[DIRECTIONS FOR THIS TASK]
Retype, exactly as they appear below, the lines between the line holding "4NM No Assembly" and the line holding "ThisWear Deer Birthday", both ends included.
************
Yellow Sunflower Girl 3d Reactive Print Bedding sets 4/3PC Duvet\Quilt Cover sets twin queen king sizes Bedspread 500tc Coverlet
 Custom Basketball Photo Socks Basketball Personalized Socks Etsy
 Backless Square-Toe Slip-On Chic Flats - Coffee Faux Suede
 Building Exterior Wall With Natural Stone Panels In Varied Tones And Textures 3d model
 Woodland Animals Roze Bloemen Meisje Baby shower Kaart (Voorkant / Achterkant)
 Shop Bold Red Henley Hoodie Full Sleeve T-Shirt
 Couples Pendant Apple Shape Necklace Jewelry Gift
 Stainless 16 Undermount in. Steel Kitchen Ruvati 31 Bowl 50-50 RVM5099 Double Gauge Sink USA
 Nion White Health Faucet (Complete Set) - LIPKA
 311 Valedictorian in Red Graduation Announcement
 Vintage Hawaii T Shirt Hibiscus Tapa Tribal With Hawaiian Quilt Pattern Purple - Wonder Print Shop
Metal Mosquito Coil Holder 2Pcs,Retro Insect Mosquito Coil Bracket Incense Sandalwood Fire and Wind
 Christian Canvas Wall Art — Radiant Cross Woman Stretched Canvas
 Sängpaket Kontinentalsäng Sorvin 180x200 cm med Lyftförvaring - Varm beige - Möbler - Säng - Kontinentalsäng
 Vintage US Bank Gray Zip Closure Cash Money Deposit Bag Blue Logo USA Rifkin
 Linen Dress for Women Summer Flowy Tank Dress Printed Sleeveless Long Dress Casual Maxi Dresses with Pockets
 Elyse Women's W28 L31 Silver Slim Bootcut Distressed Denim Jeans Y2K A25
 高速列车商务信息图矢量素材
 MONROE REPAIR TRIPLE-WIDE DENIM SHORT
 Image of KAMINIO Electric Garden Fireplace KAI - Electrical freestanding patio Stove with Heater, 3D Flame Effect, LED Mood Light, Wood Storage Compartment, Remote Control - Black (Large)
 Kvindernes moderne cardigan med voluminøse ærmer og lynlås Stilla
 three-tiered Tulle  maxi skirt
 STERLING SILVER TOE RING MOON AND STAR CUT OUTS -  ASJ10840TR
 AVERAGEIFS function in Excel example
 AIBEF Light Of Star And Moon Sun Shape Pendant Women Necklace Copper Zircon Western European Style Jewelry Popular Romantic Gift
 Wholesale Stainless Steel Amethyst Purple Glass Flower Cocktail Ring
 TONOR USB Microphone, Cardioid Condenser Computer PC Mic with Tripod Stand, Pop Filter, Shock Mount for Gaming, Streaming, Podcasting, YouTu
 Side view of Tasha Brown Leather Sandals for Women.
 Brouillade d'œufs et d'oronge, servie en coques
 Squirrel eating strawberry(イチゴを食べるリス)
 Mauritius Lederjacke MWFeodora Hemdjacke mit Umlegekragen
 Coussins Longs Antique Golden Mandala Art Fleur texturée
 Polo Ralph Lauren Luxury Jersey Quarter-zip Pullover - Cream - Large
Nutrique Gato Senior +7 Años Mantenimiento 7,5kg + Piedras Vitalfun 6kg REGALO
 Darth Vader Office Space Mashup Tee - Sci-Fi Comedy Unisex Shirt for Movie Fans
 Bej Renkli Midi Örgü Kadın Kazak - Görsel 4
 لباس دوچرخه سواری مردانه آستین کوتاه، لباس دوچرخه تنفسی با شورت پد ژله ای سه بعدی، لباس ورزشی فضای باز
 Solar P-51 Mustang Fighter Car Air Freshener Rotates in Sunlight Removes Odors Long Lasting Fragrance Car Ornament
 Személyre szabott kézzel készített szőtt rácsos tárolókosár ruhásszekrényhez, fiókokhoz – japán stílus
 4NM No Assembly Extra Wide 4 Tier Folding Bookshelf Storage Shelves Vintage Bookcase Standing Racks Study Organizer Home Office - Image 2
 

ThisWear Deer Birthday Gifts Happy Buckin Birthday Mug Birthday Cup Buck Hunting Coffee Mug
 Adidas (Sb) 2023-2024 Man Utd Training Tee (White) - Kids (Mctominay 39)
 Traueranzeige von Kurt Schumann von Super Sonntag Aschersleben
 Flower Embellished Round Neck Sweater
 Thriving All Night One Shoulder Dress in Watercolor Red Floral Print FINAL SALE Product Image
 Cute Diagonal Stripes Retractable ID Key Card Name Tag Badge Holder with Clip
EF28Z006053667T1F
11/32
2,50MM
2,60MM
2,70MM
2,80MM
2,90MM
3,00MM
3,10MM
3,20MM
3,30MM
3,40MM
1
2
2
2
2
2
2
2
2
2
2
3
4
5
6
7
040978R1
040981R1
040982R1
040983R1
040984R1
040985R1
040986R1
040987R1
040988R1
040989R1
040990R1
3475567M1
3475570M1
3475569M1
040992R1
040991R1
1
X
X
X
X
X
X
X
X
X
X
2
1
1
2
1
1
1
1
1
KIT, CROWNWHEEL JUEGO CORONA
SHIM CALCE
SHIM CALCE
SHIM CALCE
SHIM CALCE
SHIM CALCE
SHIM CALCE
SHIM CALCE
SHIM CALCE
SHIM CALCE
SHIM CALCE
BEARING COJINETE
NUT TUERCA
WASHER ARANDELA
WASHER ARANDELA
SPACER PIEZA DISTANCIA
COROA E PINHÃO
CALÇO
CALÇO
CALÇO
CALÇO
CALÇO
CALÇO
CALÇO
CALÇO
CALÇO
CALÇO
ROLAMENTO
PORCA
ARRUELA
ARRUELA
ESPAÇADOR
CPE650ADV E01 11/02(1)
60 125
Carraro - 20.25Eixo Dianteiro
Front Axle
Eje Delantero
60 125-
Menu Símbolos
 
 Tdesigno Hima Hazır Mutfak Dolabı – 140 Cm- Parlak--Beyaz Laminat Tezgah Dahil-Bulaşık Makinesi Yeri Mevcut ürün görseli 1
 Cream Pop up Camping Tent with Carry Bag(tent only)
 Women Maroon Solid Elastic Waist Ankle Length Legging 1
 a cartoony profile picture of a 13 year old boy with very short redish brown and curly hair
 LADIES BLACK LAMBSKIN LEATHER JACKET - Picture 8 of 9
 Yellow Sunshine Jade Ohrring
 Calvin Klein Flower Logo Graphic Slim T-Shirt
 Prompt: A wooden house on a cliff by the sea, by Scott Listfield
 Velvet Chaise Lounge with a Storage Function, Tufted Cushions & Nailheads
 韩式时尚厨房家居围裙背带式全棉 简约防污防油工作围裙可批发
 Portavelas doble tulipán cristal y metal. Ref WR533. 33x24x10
************
[ANSWER SPACE]
 4NM No Assembly Extra Wide 4 Tier Folding Bookshelf Storage Shelves Vintage Bookcase Standing Racks Study Organizer Home Office - Image 2
 

ThisWear Deer Birthday Gifts Happy Buckin Birthday Mug Birthday Cup Buck Hunting Coffee Mug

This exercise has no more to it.